Ebenezer also known as Ton-y-Botel (Tune in a Bottle) is a famous Welsh hymn tune composed by Thomas John Williams A.T.S.C. (1869–1944) and extracted from the second movement of his anthem "Goleu Yn Y Glyn" (Light in the Valley).

The tune was first published in 1897 in the periodical Yr Athraw ('The Teacher'), vol. 71, in tonic sol-fa notation, and its first appearance in a hymnal was in 1900, in The Baptist Book of Praise.

The famed English composer and music historian Ralph Vaughan Williams (1872–1958) referred to this as one of the greatest hymn tunes. As the musical editor Vaughan Williams included it in The English Hymnal in 1906.

It is now published in 195 hymnals worldwide, including The New English Hymnal.

Ebenezer means "Stone of Help" in the Bible.

The tune is named after Ebenezer Chapel in Rhos near Pontardawe, South Wales, which T. J. Willams attended while composing the tune.
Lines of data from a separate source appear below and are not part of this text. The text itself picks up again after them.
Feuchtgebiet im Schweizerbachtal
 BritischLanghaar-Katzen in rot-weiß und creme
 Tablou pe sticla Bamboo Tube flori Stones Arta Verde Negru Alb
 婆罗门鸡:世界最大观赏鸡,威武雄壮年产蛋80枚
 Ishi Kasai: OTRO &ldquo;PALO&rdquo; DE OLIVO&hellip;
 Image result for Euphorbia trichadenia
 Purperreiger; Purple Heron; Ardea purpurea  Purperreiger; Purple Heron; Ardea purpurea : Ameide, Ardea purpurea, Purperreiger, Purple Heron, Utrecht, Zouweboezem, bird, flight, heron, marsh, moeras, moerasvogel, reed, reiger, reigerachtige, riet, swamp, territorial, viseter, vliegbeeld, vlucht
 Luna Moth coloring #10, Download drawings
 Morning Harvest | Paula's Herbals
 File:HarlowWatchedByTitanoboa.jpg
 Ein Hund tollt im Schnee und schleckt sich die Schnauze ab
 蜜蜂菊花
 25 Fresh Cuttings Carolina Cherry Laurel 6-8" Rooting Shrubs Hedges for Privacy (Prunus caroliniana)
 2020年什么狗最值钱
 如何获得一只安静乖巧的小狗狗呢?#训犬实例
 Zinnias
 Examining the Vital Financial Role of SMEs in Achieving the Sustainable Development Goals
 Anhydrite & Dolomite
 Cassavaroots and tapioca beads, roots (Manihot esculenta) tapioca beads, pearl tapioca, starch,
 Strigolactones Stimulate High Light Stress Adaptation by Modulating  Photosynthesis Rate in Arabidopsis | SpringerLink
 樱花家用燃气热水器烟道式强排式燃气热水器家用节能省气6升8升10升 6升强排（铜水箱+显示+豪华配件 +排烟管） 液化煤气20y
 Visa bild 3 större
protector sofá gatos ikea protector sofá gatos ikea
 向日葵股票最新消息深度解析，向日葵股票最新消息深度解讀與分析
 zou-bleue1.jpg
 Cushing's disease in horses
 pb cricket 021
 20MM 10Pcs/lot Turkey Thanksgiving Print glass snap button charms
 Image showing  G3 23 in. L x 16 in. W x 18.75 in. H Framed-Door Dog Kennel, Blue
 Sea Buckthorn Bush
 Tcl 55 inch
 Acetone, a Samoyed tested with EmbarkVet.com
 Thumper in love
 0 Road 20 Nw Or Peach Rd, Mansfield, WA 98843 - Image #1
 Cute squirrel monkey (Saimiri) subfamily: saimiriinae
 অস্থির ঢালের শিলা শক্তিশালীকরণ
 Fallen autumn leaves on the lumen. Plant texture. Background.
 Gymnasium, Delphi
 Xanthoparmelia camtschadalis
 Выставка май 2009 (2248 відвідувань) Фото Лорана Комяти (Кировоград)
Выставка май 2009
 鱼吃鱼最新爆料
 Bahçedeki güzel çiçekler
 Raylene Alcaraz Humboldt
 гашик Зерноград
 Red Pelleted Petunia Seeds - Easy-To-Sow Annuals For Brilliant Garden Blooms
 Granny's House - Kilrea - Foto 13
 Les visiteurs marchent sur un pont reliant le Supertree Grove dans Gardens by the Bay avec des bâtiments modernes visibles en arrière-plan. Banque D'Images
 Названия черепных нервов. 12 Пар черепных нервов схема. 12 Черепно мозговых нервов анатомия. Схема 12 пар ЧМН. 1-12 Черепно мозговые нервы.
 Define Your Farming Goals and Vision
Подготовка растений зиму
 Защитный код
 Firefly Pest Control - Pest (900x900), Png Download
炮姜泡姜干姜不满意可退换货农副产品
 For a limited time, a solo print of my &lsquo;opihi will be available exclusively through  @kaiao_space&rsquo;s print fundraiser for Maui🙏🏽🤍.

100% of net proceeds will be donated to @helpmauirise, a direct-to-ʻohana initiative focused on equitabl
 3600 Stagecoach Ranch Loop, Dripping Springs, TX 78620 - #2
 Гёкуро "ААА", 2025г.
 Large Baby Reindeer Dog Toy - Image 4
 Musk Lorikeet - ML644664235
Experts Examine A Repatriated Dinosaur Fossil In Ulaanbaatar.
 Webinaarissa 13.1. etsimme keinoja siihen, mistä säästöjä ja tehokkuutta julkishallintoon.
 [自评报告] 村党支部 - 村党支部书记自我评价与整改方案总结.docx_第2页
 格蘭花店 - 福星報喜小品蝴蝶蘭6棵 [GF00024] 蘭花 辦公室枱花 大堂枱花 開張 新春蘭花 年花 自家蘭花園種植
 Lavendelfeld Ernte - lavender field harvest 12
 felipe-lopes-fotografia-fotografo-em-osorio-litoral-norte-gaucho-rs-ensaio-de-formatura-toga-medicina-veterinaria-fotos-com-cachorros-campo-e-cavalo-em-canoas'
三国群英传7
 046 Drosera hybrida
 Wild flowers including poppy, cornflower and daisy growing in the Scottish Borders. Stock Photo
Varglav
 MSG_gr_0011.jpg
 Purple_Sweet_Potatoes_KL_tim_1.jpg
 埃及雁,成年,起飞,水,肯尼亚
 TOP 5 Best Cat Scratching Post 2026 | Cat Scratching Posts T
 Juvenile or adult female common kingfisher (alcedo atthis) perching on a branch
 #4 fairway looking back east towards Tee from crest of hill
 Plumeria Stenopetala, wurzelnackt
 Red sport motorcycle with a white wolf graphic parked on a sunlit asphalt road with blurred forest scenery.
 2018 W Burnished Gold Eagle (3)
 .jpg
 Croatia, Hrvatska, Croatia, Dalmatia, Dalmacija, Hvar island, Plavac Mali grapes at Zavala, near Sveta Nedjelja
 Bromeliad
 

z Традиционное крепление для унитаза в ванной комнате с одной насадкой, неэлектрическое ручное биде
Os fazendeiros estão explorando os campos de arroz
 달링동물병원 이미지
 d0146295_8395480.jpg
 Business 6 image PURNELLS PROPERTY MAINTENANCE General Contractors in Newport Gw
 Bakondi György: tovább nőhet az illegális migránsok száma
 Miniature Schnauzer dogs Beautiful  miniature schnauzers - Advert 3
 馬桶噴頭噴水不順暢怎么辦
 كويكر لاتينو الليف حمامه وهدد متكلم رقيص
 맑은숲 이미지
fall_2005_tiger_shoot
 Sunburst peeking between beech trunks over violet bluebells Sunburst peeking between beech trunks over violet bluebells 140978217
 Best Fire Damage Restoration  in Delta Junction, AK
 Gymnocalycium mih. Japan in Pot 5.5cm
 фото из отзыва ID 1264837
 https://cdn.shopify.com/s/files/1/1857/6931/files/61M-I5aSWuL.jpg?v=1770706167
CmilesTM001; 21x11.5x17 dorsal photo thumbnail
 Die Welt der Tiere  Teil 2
T. J. Williams was born in Llangiwg, Ynysmeudwy, near Pontardawe, and lived in Llanelli, South Wales, from 1903. He served as organist and choir director at Mount Elim Baptist Chapel, Ynysmeudwy near Pontardawe, for fifteen years, Zion Baptist Chapel, Llanelli, (1903–1911) and Calfaria Baptist Chapel, Llanelli (1913–1931).

He is buried in Llanelli District Cemetery (Box Cemetery).

The myth that the tune was discovered in a bottle on a Llyn Peninsula beach in North Wales was published in the Daily Mail in 1902. It has affectionately been known as Ton-y-Botel ever since and is even referred to as "Ebenezer, Ton-y-Botel" on his grave headstone, this also includes the first music phrase and below it the text "Dyma Gariad Fel Y Moroedd"

==Hymns==
Many hymn texts are set to this tune. Among them are:
- "Dyma Gariad Fel Y Moroedd" (Here is Love, Vast as the Ocean) text by Gwilym Hiraethog (1802–1883), "Old and New Welsh and English Hymns" # 159
- "Once to Every Man and Nation" text by James Russell Lowell (1819–1891), "Presbyterian 1955 Hymnbook U.S.A." # 361
- "Oh the Deep, Deep Love of Jesus" text by Samuel Trevor Francis (1834–1925), "Worship and Rejoice Hymnal" # 398
- "Come, O Spirit, Dwell Among Us" text by Janie Alford. "Glory to God.The Presbyterian Hymnal U.S.A." # 280
- "God hath Spoken by the Prophets" text by George W Briggs. "United Methodist Hymnal U.S.A." # 108
- "Jesus, Tempted in the Desert" text by Herman G. Stuempfle.
- "Let My People Seek their Freedom" text by Herbert O'Driscoll. " The United Methodist Hymnal U.S.A" # 586
- "Singing Songs of Expectation" text by Bernhard Severin Ingemann / translator Sabine Baring-Gould, in "The Hymnal 1982 according to the use of the Episcopal Church" # 527
- "Thy Strong Word did Cleave the Darkness" text by Martin Franzmann in "The Hymnal 1982 according to the use of The Episcopal Church" # 381
- "Who is This, With Garments Gory" text by Arthur Cleveland Coxe. "Christian Science Hymnal" # 258.
- "Who is this so weak and helpless" with words by William Walsham How, first Bishop of Wakefield; New English Hymnal 474

==Secular usage==
- Featured on numerous compilation CDs, cassettes and vinyl.
- Included on the modern CD "Duw A Wyr" (God only knows) as a new jazz arrangement. Track one.
- Featured in the three times Academy Awards nominated film "The Young Lions" starring Marlon Brando, Montgomery Clift and Dean Martin.
- Featured in the film " The Proud Valley " starring Paul Leroy Robeson (1898–1976) – The American Singer, Actor and Civil Rights Activist
- Michael Giacchino used it as an orchestral version named "Red Square" on the Call of Duty video game soundtrack.
- A variation of it named "Dublin" is included on the soundtrack of Anno 1503.

== Use in Brazil ==
In Brazil, this melody is used in several Christian hymns from different hymnals, both of which address the same subject: the request for strengthening the church.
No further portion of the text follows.